I’m looking at this map and I’m learning that New York and North Carolina are both places where large banks have their headquarters, and also that a chunk of TARP money was sent to car companies. But this is really stuff we knew before… Whether you like or loathe the government’s approach to those institutions, it doesn’t make a ton of sense to characterize funds going to these firms as ‘going to New York.’ The firms have a national and global presence.

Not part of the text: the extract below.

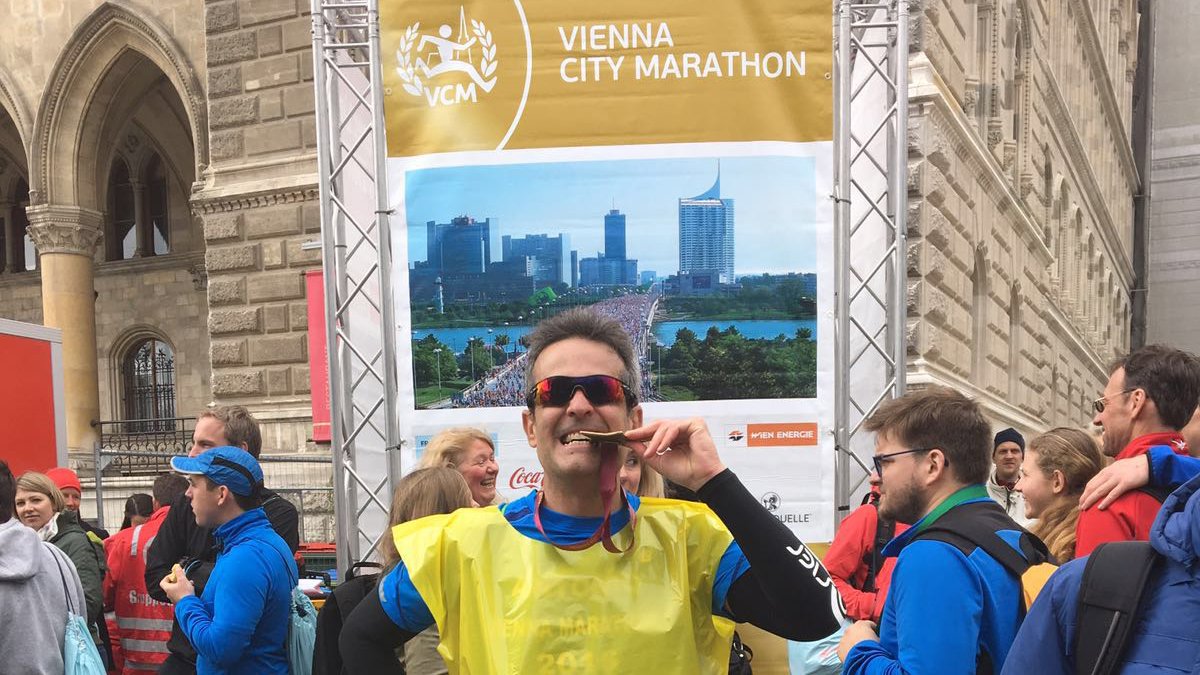 El traumatólogo y maratoniano Antonio Ríos en el maratón de Viena.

Yglesias has appropriately updated his original post to make it clear that Florida bears the brunt of the blame here. ProPublica’s idea to “map” the bailout probably wasn’t the best, but the main purpose of their feature was to present data about the flow of bailout funds. Florida has seized on the peripheral map concept and, with help from two colleagues, expanded upon it to create images that show “the geography of bailout funding per person” and also “the geography of the bailout as a percent of state economic output.” Normally, taking this next step—breaking the data down on a per-capita basis, or as a share of gross state product—would make sense. But in this case, it simply provides a patina of sophistication atop a flawed concept.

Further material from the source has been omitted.